The McLeans came for their annual deer hunt on Halloween weekend. They harvested a young buck. While they were out in the bush they saw 4 wolves just under a kilometer from the yard!! Needless to say I was uncomfortable about having them around. The crew and I went to the Pierceland Haunted house on the Saturday evening of the weekend, it was a psychological terror this year. As usual it was very well thought out and executed. The crew member with me on my walk through, did not trample me, but the young couple we were with, certainly seemed to be in a hurry to get through the "house." LOL On Sunday morning, Vawn & Chris' sudden appearance in the paddock where there were cows and calves caused a stampede. Perhaps the predators had the cattle on edge or maybe they just got startled, but they ran over several fences and had to be rounded up on horseback to get them to return to their proper paddock.

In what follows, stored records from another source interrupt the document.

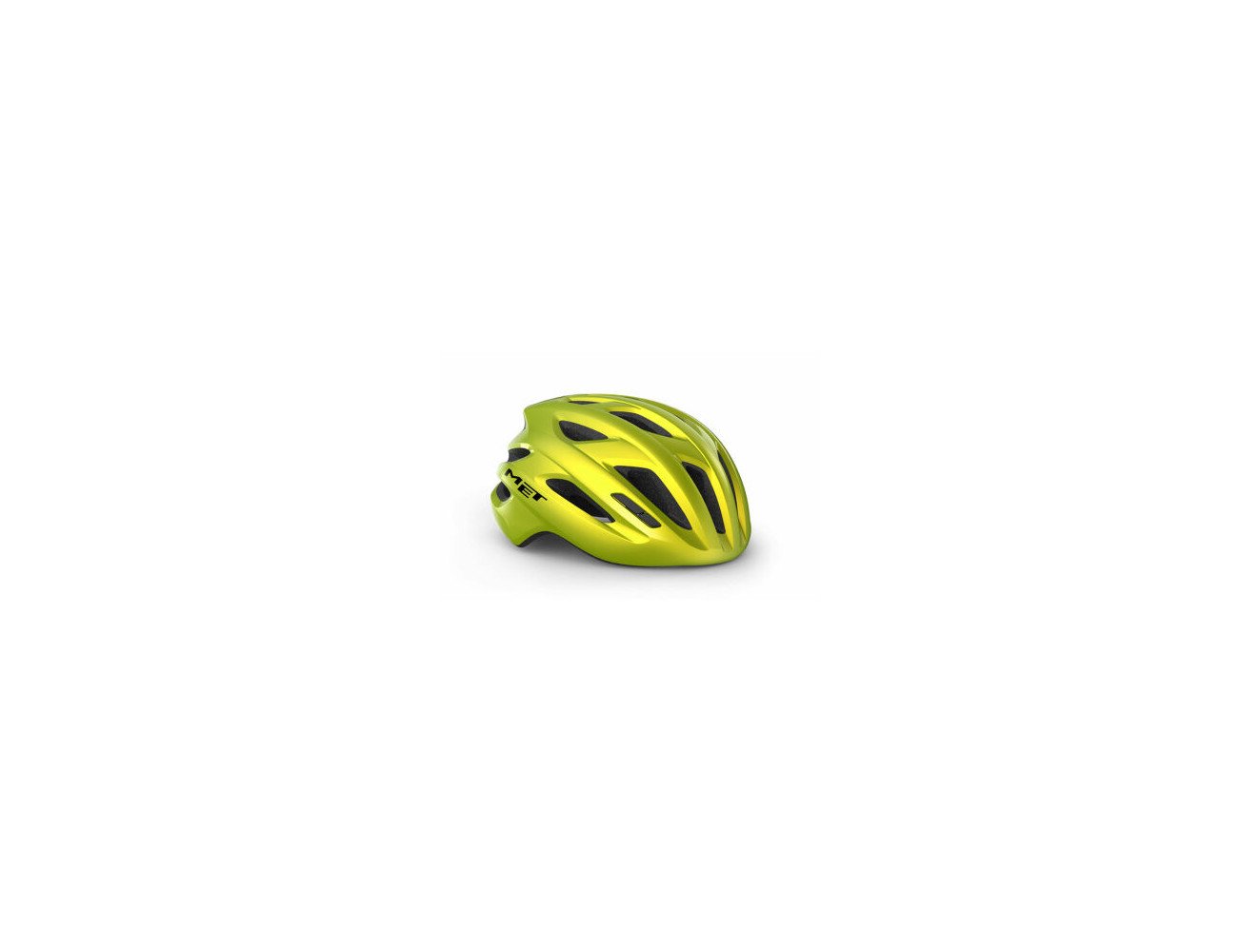 Casco MET Idolo Negro Mate | Carretera | Sexibikes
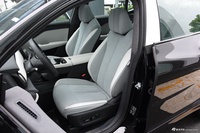 2024款岚图知音 超长续航智享版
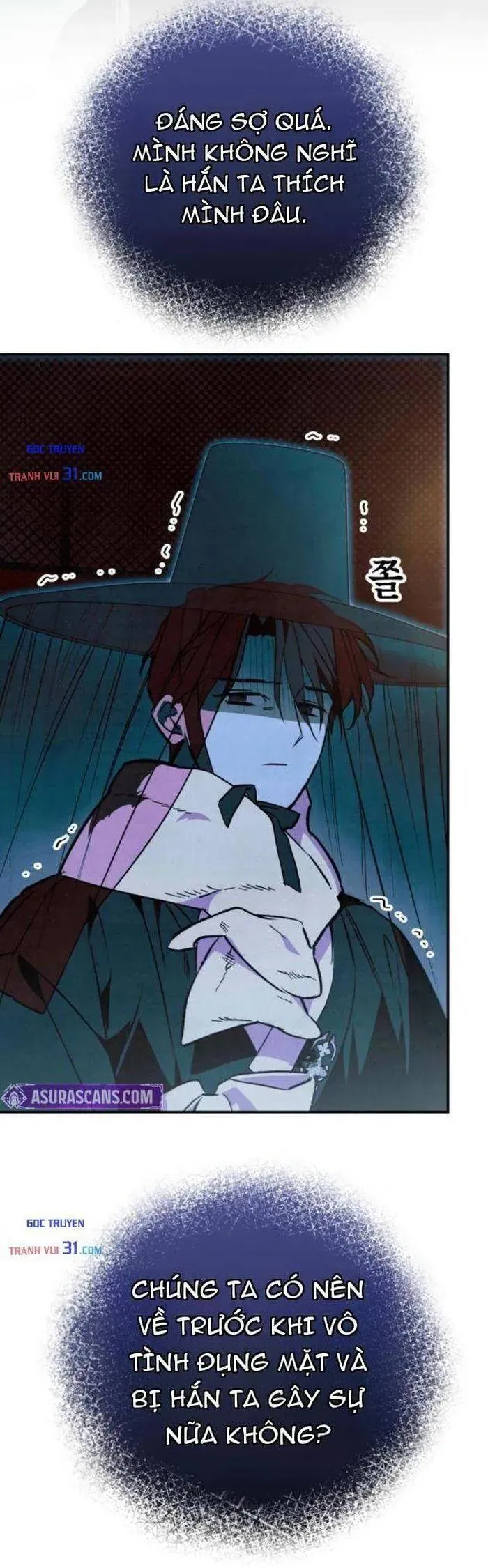 Họa Sĩ Vẽ Nên Hầm Ngục Chapter 15 - 50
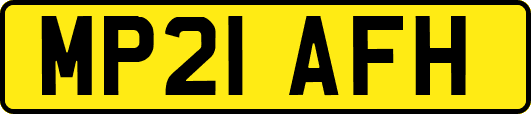 MP21AFH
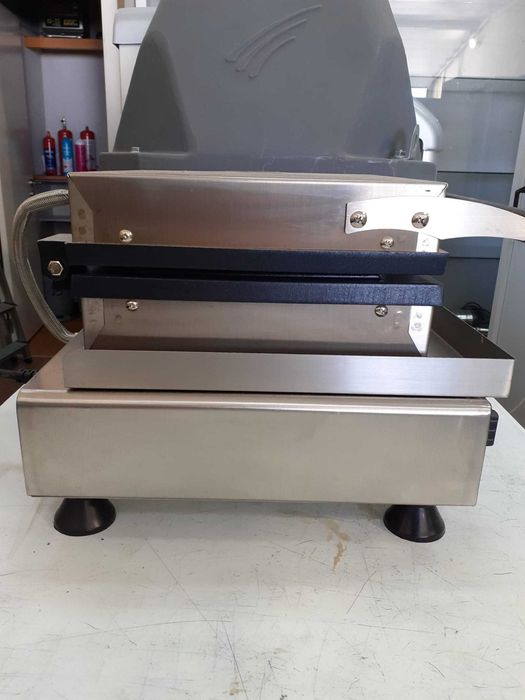 Máquina de Waffles Belga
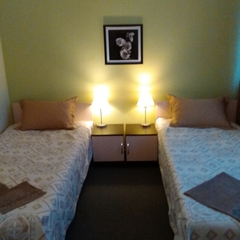 Отель Новая Можайка, Москва, Московская область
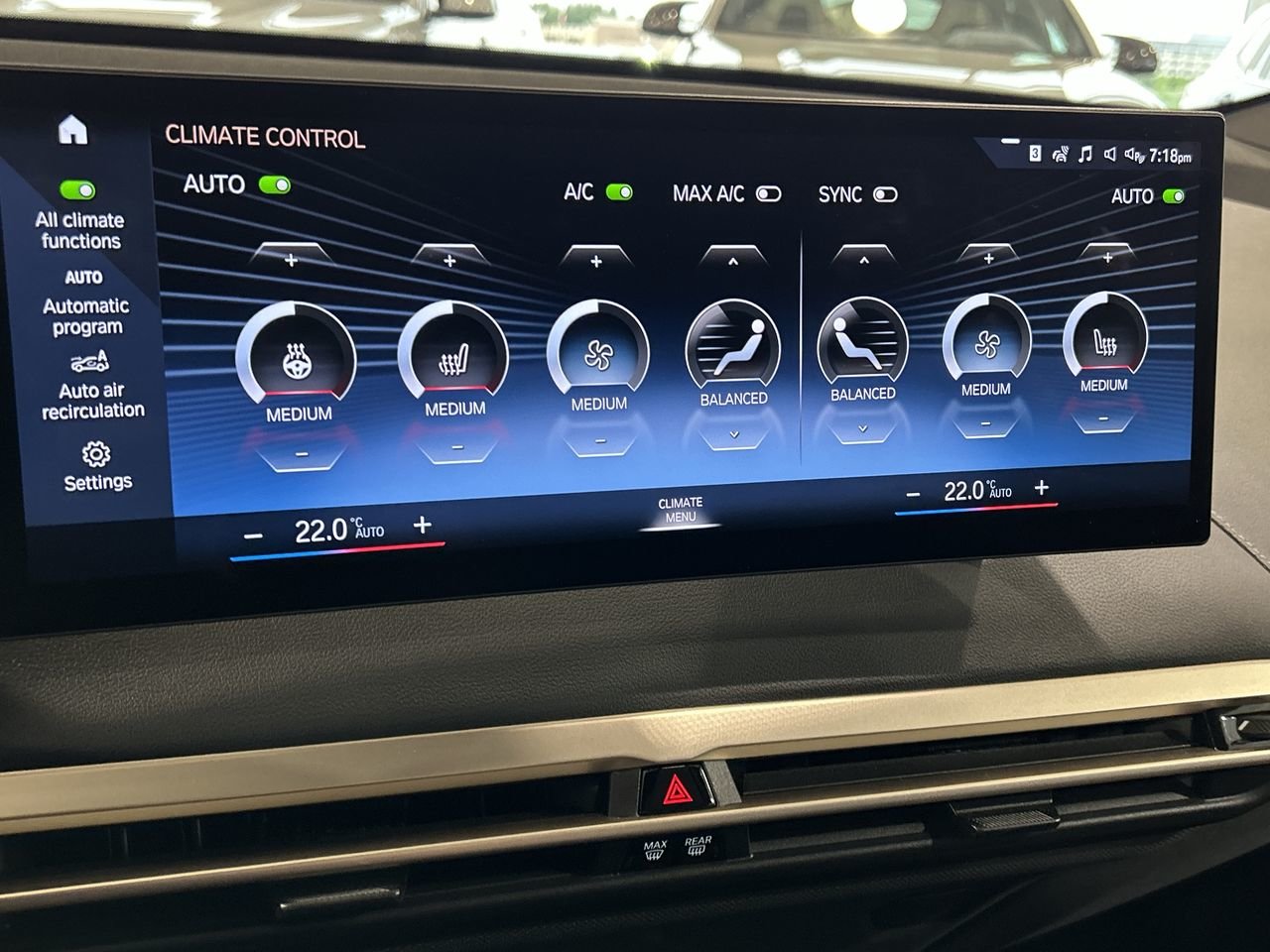 2022 BMW IX XDrive50 | Essential PKG, Toronto, Cash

Meanwhile the Meed's Meadows crew and Marilyn helped us sort, tag and load calves for the sale on Halloween. Howard came and hauled a couple of loads and I hauled the rest. Now the ranch became a very noisy place with cows bawling for their calves. After going to MLS, I went to the neighbours to retrieve the two wandering, yearling heifers that had spent the summer on the wrong side of the fence. The neighbours had also brought their cattle in, to sell their calves, and could finally sort off my heifers. The calves were sold at about half the price we received last year, the weights were very similar but the price/pound was just down that much. On the other hand the prices last year were very much inflated and this year there seems to be a great deal of fallout from the exorbitant prices that led to huge losses in many feedyards.